On the latest Megadeth album titled the System Has Failed, the 2004 line-up features Mustaine, along with Megadeth first-timers Glen Drover on guitar, Shawn Driver on drums and James MacDonough. MacDonough replaces David Ellefson, who had been Megadeth’s bassist since the inception of the band. This rapid turnover in personnel leads one to the conclusion that Mustaine has a band that plays for him rather than with him, as this band is really his outlet for expressing his own musical ideas. All songwriting credits go only to Mustaine, save the use of Psalm 23 from the Bible, where David gets a writing credit. If you are offended by the use of a Biblical verse on a heavy metal record, you aren’t going to love this latest effort from Megadeth, I’d guess.
The ultimate Megadeth album was the 1990 classic Rust In Peace and, although The System Has Failed does not hold a candle to this release, the new album harkens back to this era more so than some of the band’s more recent offerings. The songs are heavily political, as is the album’s cover art, featuring cartoon characters of famous political figures lined up to pay cash to a judge in order to be pardoned for wrongdoings. It’s obvious where Mustaine stands on his feelings about conservative politics and war and on this disc he gets to stand high on his soapbox on tracks like “Blackmail the Universe” and “Truth Be Told.” I have been to a Megadeth concert or two, however, and most of the fans look like they have never seen the inside of a library or ever tuned their televisions to a news channel, so the message might be lost on the meth-smoking hesher crowd. This doesn’t stop Mustaine from voicing his opinions anyway. Perhaps Mustaine is trying to appeal to the intellectual misfit who is sitting in his room, trying to figure out the world’s problems but wanting to listen to some progressive heavy metal while doing so.

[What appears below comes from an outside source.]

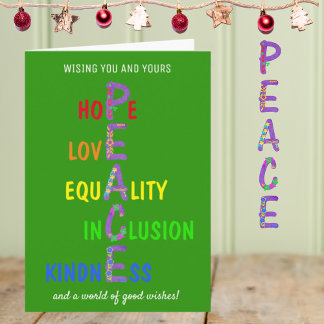 Hope, Love, Equality, Inclusion, Kindness, Peace  Holiday Card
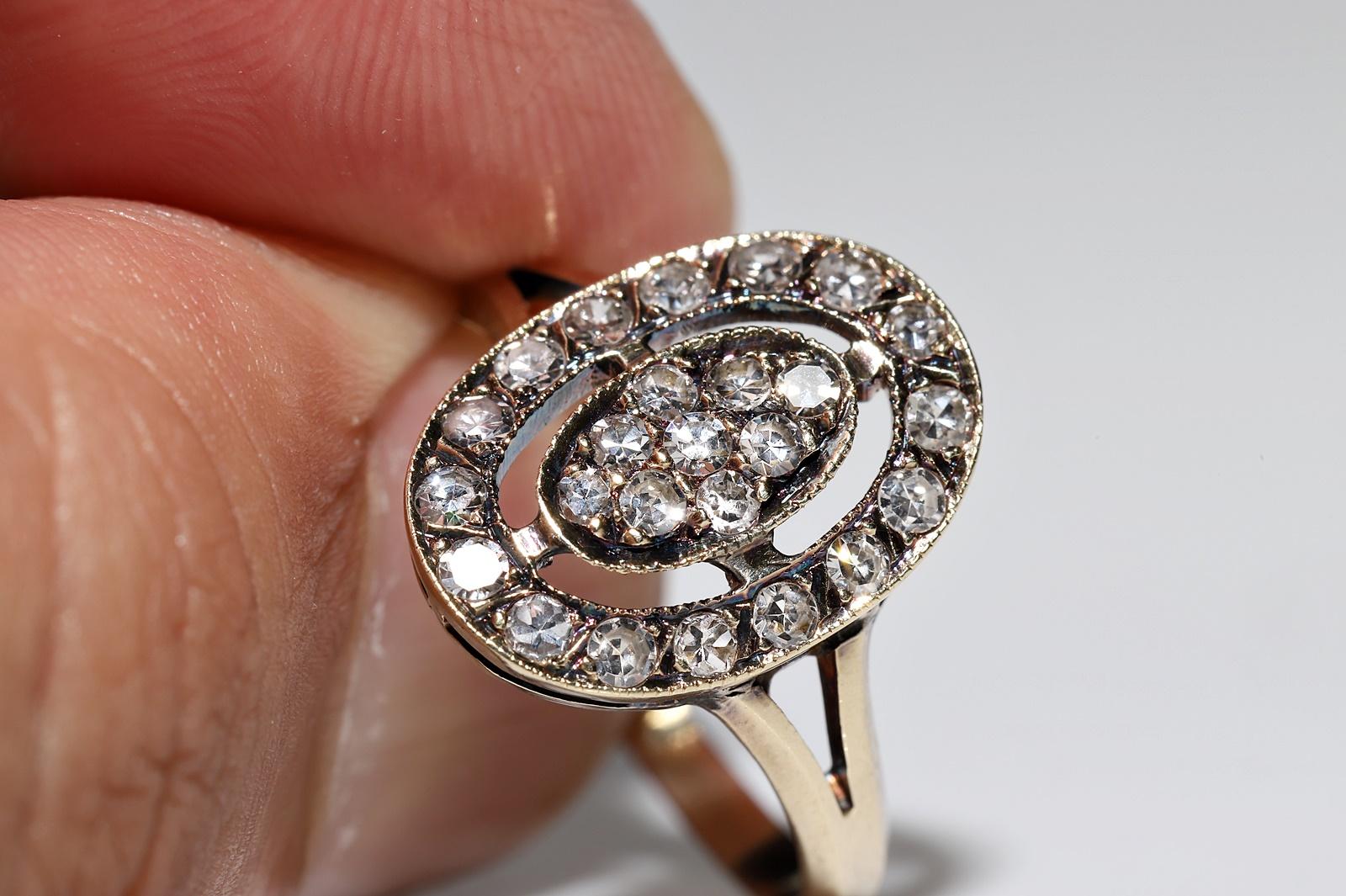 Vintage Original Circa 1970s 14k Gold Natural Diamond Decorated Cluster Ring For Sale 3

Although not as hook-laden as some of the early ‘90s Megadeth songs like “Symphony of Destruction” or “Hanger 18,”the song “Dead Die Enough” has a big, multi-voice chorus that is the closest to a pop tune you’ll find on this new release. You’ll be transported back in time as you hear blistering lead guitar parts and crunchy syncopated riffs through the 12 songs on this CD. Moraine’s snarling high-pitched voice is unmistakable and sounds literally exactly the same as it did in 1990 and even before.
The biggest disappointment with The System Has Failed is its overly bright sound with fuzzy guitars that are less crunchy and more static-laden. Listen to the intro of “Kick the Chair,” for example, and imagine how cool the rapid-fire guitar part would sound if you could hear all the notes being played. The problem is that the overly distorted drum parts wash over the guitar line, making it sound sloppy and muddy. When Megadeth are at their best, the sound is tight and compressed and each note is distinguishable. On The System Has Failed, I think the recording studio’s mixing board was what was failing, as the production is sloppy and the songs often fall apart sonically with extremely intricate guitar riffs and lead parts mixing into a jumble of sound. It takes a careful ear to discern some of these parts, but compared to Metallica’s latest, the abomination of a recording called St. Anger, The System Has Failed is a 10 out of 10 in the sonic department. If Megadeth’s only goal was to make an album that sounded better than St. Anger, they succeeded, but if they wanted to make something that sounded better than their past recordings, you have to go back to the 1988 release of So Far, So Good … So What to find a record that sounds worse than the System Has Failed. It’s a pretty solid effort musically that was put together in a shoddy sonic package.